The latter’s self-deprecating, deadpan remarks are a regular source of humour and his unquestioning loyalty to his wife is admirable if not wholly understandable.
He is one of a smattering of nice people in the play. Gabriel (Dónal Finn) is the gentle local lad trying to earn money for university; Cheryl (Margot Leicester) and Matthew (Geoffrey Freshwater) almost come with the house, having long taken care of the cleaning and gardening for previous owners.
The main voice of reason is Audrey’s former university friend Katherine (Helen Schlesinger), a successful novelist who is honest but with a gentler approach.
A thorn in Audrey’s side (aside from Cheryl’s slow pace of work) is Anna (Angel Coulby) her late son’s grieving girlfriend whom she doesn’t understand or particularly want around.
While each of the main characters has a solid arc it is Anna who is the most difficult character to fathom.
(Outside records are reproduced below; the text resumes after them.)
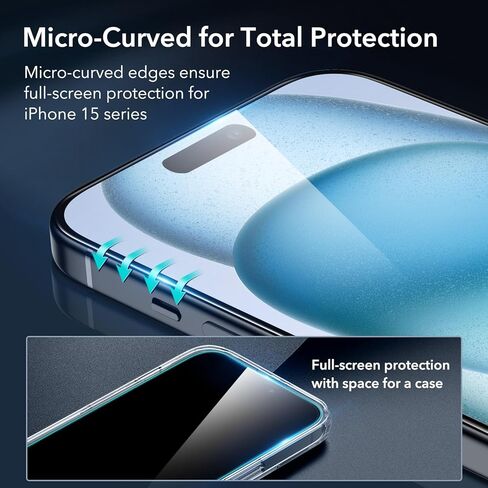 ESR 3 Pack for iPhone 14 / iPhone 13 / iPhone 13 Pro Screen Protector, [9H Hardness] [Military Grade Shatterproof] Tempered Glass Film with Flawless Fit Tray in Kuwait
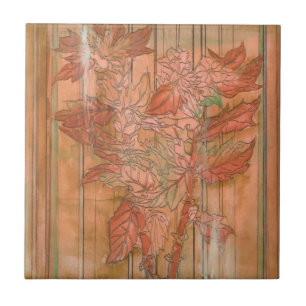 Carreau Impression florale orange moderne sur Arrière - pl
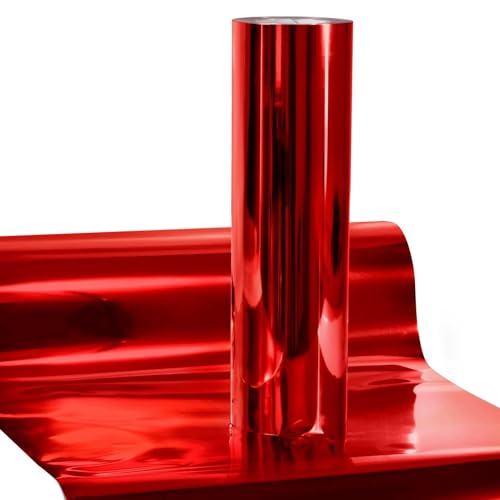 Image of RED FOIL | HTV Vinyl Rolls | Heat Transfer Vinyl | 20inch x 80inch | PU for Shirts | Metallic Finish | Soft Touch | Stretchable | Iron on Vinyl for Cricut & Cameo | Easy to Cut & Weed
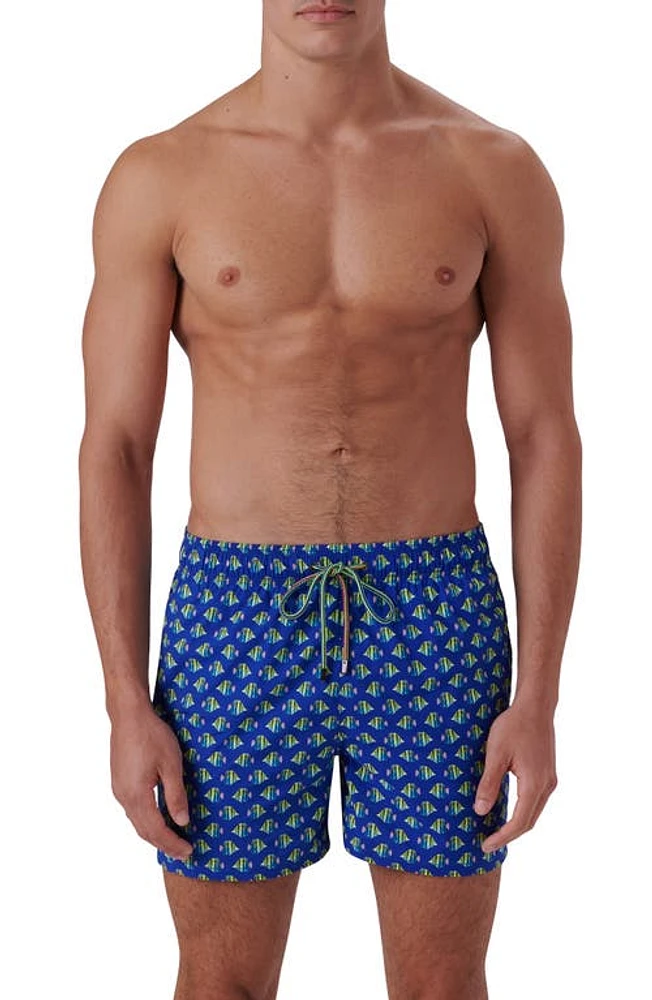 Bugatchi Archer Fish Print Swim Trunks Royal at Nordstrom,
Her emotions and behaviour are distinct to the point of disturbing but there isn’t enough ‘back story’ to properly explain or understand it.
It is the only weak spot in an otherwise meaty, emotional and funny play with a superb Victoria Hamilton drawing out the complexity of Audrey, even if you don’t feel sorry for her.
I’m giving Albion ⭐️⭐️⭐️⭐️.
The play is 3 hours and 5 minutes with one interval and is at the Almeida Theatre until 29 February.